ENTRIES SHOWN:
________________________________________

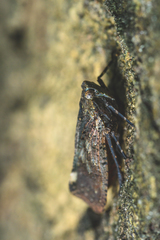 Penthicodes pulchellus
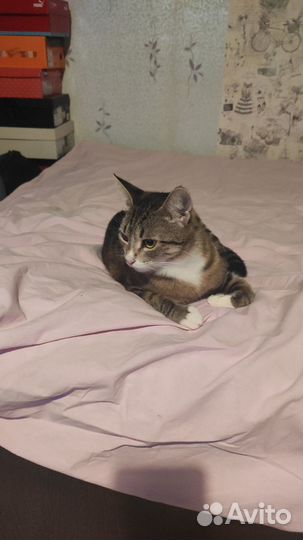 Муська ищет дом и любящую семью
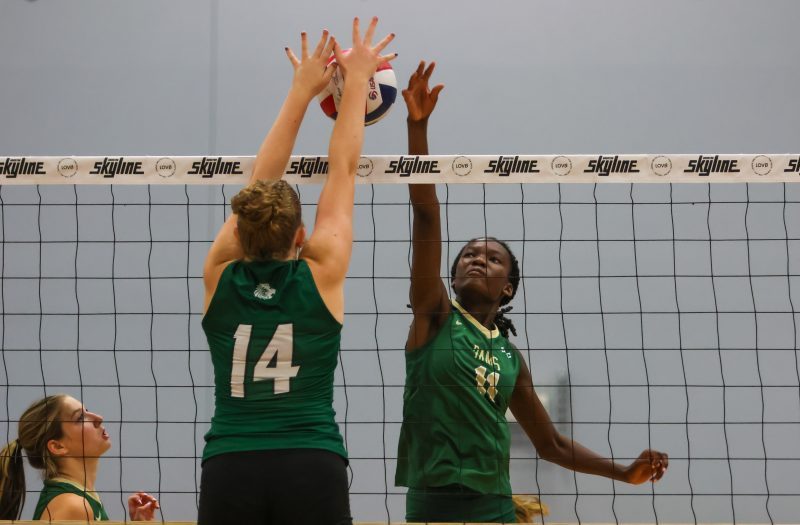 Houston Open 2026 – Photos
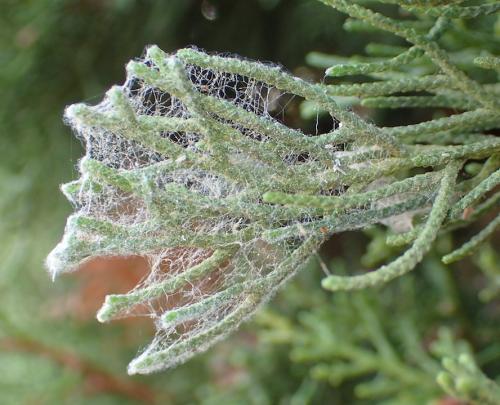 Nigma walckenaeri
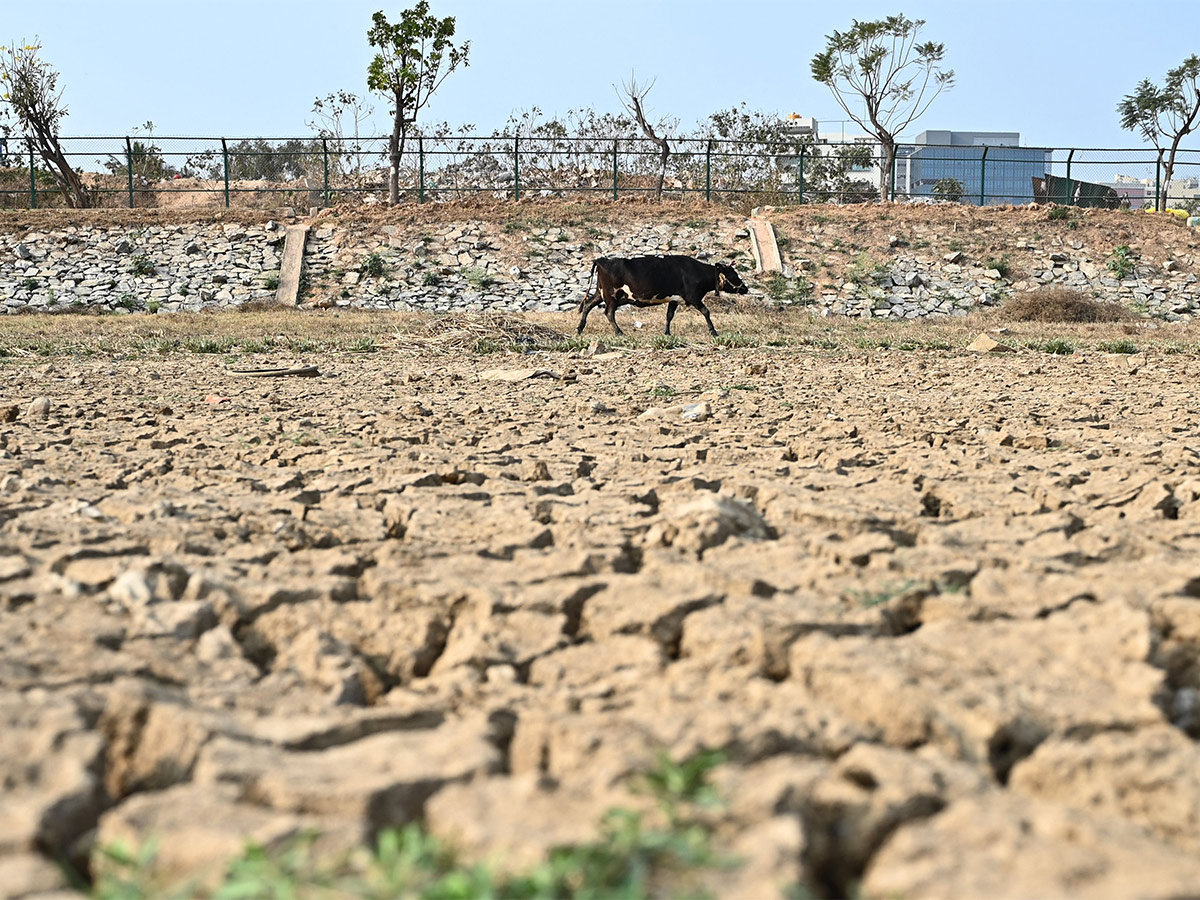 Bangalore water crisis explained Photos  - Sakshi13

________________________________________

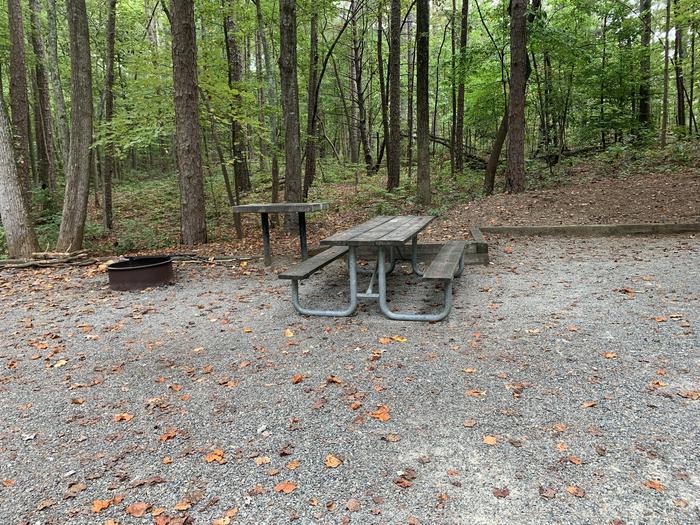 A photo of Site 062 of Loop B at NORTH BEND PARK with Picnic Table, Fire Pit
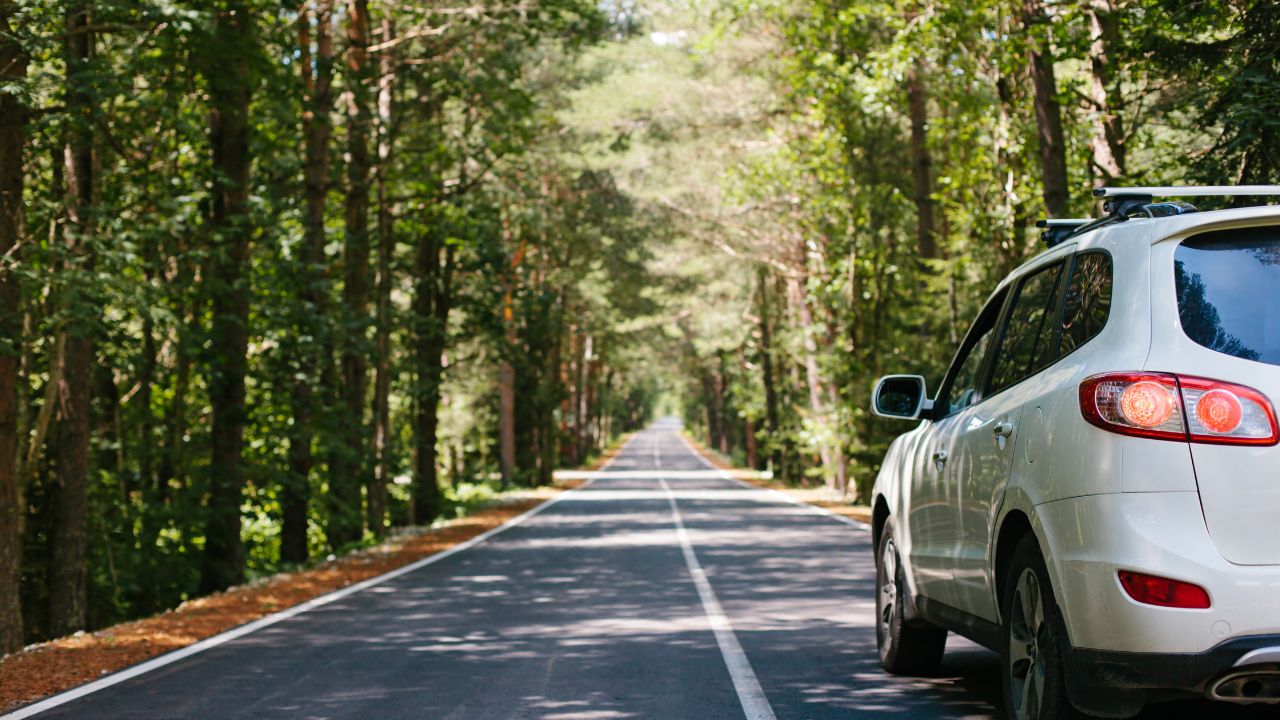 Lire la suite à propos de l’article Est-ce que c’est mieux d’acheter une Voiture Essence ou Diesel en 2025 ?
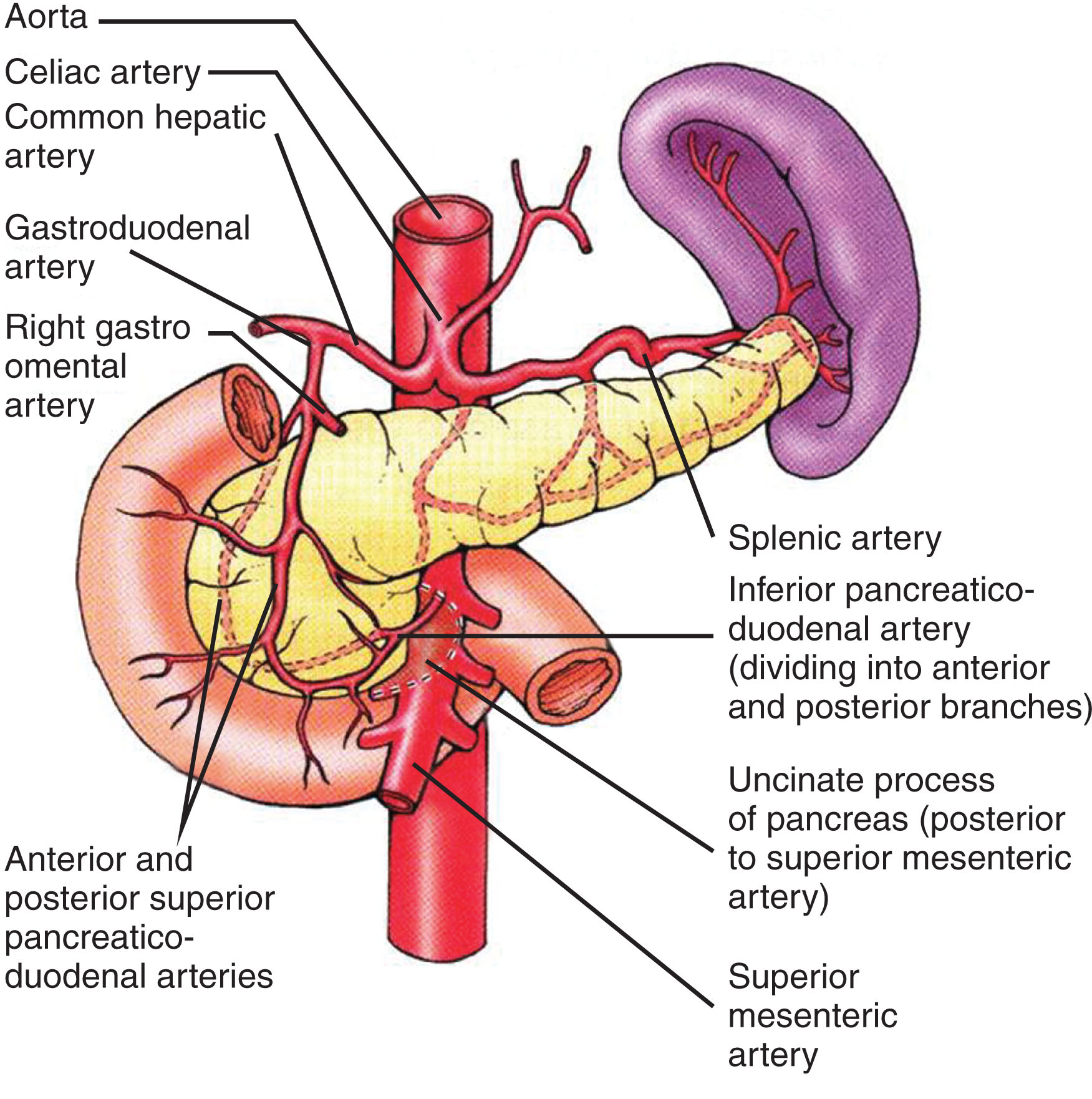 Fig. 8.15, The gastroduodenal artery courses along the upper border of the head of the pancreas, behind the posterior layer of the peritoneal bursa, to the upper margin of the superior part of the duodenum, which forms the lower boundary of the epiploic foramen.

________________________________________

WHAT IS NEEDED: Pictures aside, return exactly the lines from the data above, starting at the line that has "A photo of Site" and ending at the line that has "Fig. 8.15, The", both included.

RESPONSE TO THIS TASK:
 A photo of Site 062 of Loop B at NORTH BEND PARK with Picnic Table, Fire Pit
 Lire la suite à propos de l’article Est-ce que c’est mieux d’acheter une Voiture Essence ou Diesel en 2025 ?
 Fig. 8.15, The gastroduodenal artery courses along the upper border of the head of the pancreas, behind the posterior layer of the peritoneal bursa, to the upper margin of the superior part of the duodenum, which forms the lower boundary of the epiploic foramen.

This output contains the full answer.